El Espíritu Santo suscita en el corazón del creyente una dinámica que le lleva a caminar en una dirección radicalmente distinta. Del amor a Dios brotan la oración sincera, el deseo de vivir en gracia cumpliendo su voluntad y el anhelo por alcanzar la vida eterna. La oración se vive como un encuentro con Dios, que nos ha amado hasta el extremo en su Hijo Jesucristo; la ley cristiana tiende a su plenitud porque está vivificada por la caridad; y el creyente siente en su interior un deseo profundo de agradar a Dios, crecer en su amistad y progresar en la santidad. A quien vive en el amor a Dios, siempre le parece poco lo que pueda hacer por Él y está dispuesto a dar todo lo que le pida.

Ese amor a Dios es la fuente del amor al prójimo, que es la primera exigencia de la ley. La fe auténtica es aquella que “actúa por la caridad” (Ga 5, 6). En ella descubrimos la “plenitud de la ley” (Rm 13, 10). Por ello, el creyente que vive según el Espíritu no separa ni opone el amor a Dios y al prójimo. Sabe que cuanto más ame a Dios, su amor hacia los demás será mayor, porque los mirará con el mismo amor del Padre y sentirá que son sus hermanos.

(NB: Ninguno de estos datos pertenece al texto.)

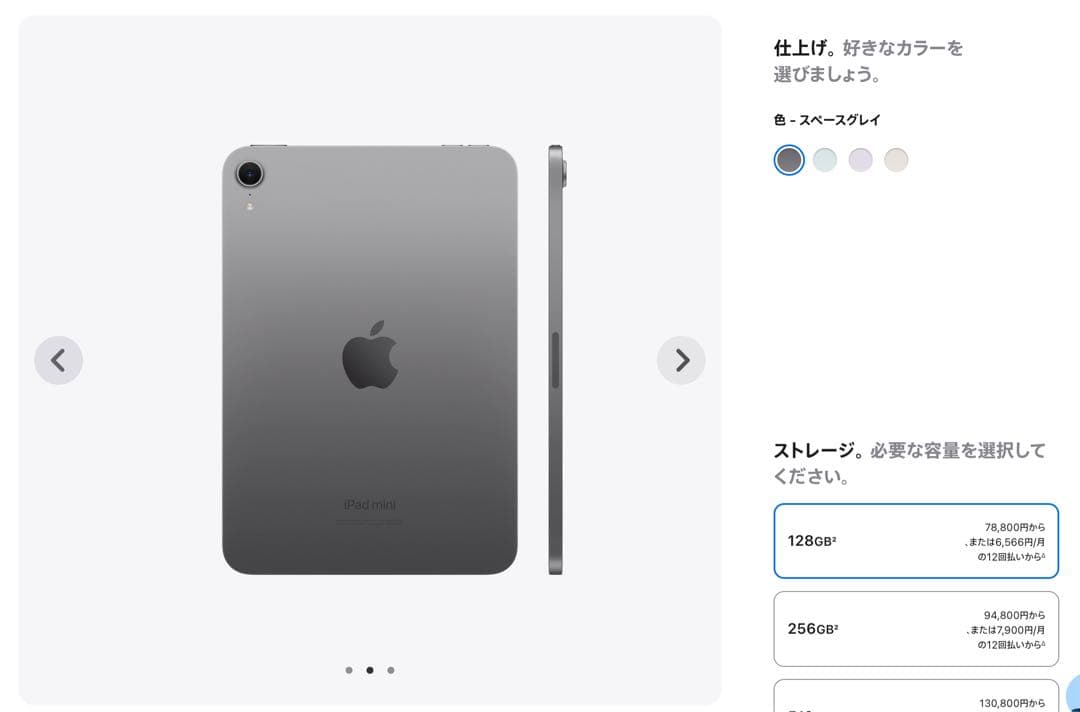 【新品未開封】iPad mini 第7世代 Wi-Fi 128GB
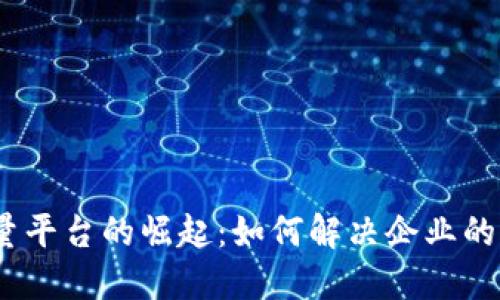 Web3流量平台的崛起：如何解决企业的流量困境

Sin amor a Dios la tristeza invade al creyente. Gracias al Espíritu Santo, que nos hace descubrir la grandeza del seguimiento de Cristo, podemos vivirlo con alegría. Por ello el segundo “fruto” que san Pablo menciona es la alegría (Ga 5, 22), la “alegría de la fe” (Flp 1, 25), que es “alegría en el Señor” (Flp 3, 1), el signo distintivo de una fe auténtica. El papa Francisco comenzaba su exhortación apostólica Evangelii gaudium con estas palabras: “La alegría del Evangelio llena el corazón y la vida entera de los que se encuentran con Jesús. Quienes se dejan salvar por Él son liberados del pecado, de la tristeza, del vacío interior, del aislamiento. Con Jesucristo siempre nace y renace la alegría” (nº 1). Y en su exhortación Gaudete et exultate nos ha recordado que la alegría, incluso en medio del sufrimiento, es un signo de santidad verdadera.

Que el Espíritu despierte en nosotros el deseo de no conformarnos con una vida cristiana de mínimos y nos conceda el don de vivir alegres en el Señor.